Input data:
::::::::::

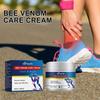 Ximonth Bee Venom Joint Care Balm  Relieves Muscle Soreness And Bone Pain In Hands, Feet, Shoulders, Neck, And Spine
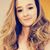 Katelyn Farquhar's profile image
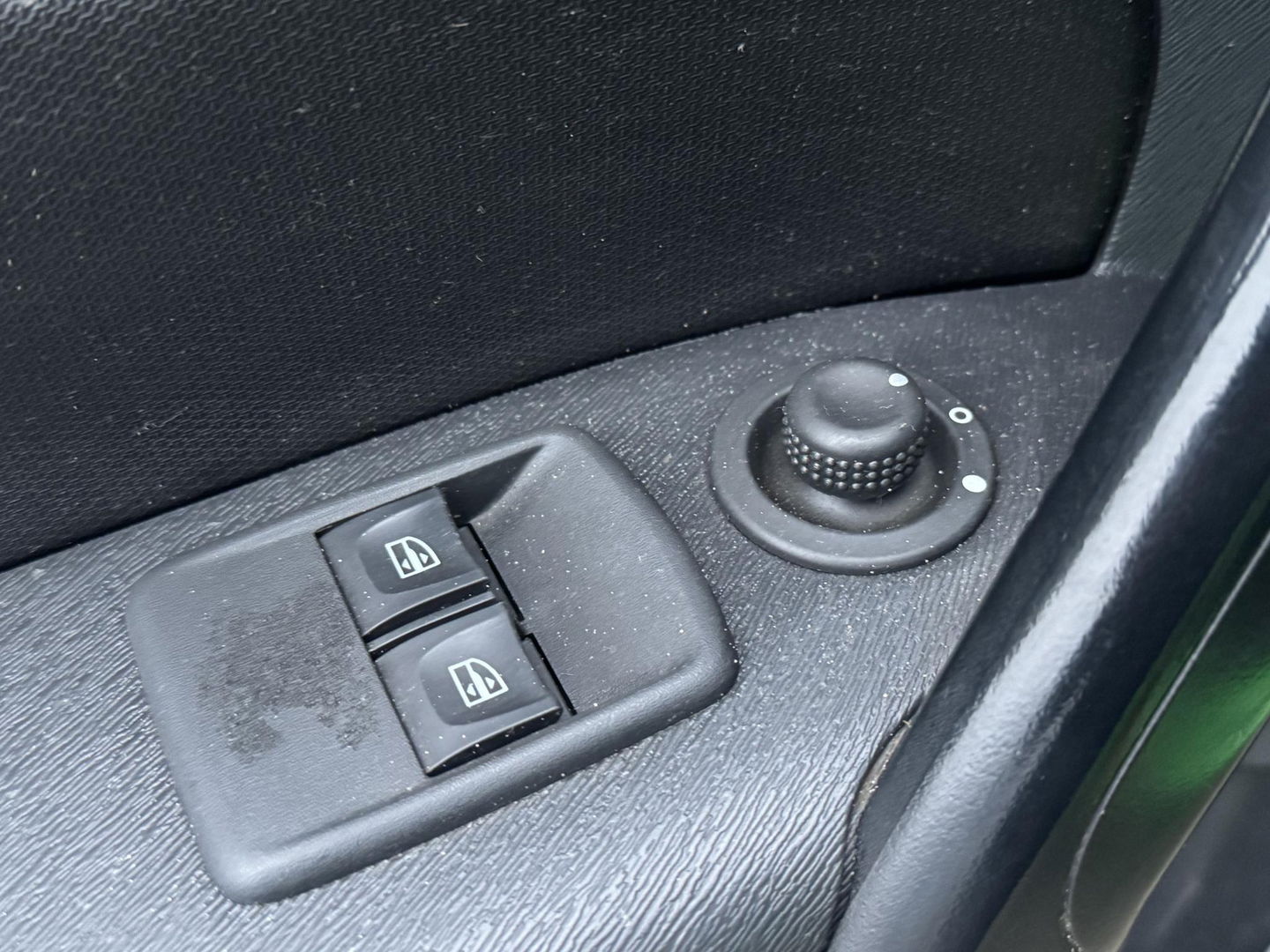 Renault Kangoo 1.5 dCi 90 Energy Comfort Maxi AIRCO / CRUISE CONTROLE / NAVI / L2H1 / TREKHAAK / EURO 6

::::::::::

Write out the whole of the data exactly; the pictures stay out.

 Ximonth Bee Venom Joint Care Balm  Relieves Muscle Soreness And Bone Pain In Hands, Feet, Shoulders, Neck, And Spine
 Katelyn Farquhar's profile image
 Renault Kangoo 1.5 dCi 90 Energy Comfort Maxi AIRCO / CRUISE CONTROLE / NAVI / L2H1 / TREKHAAK / EURO 6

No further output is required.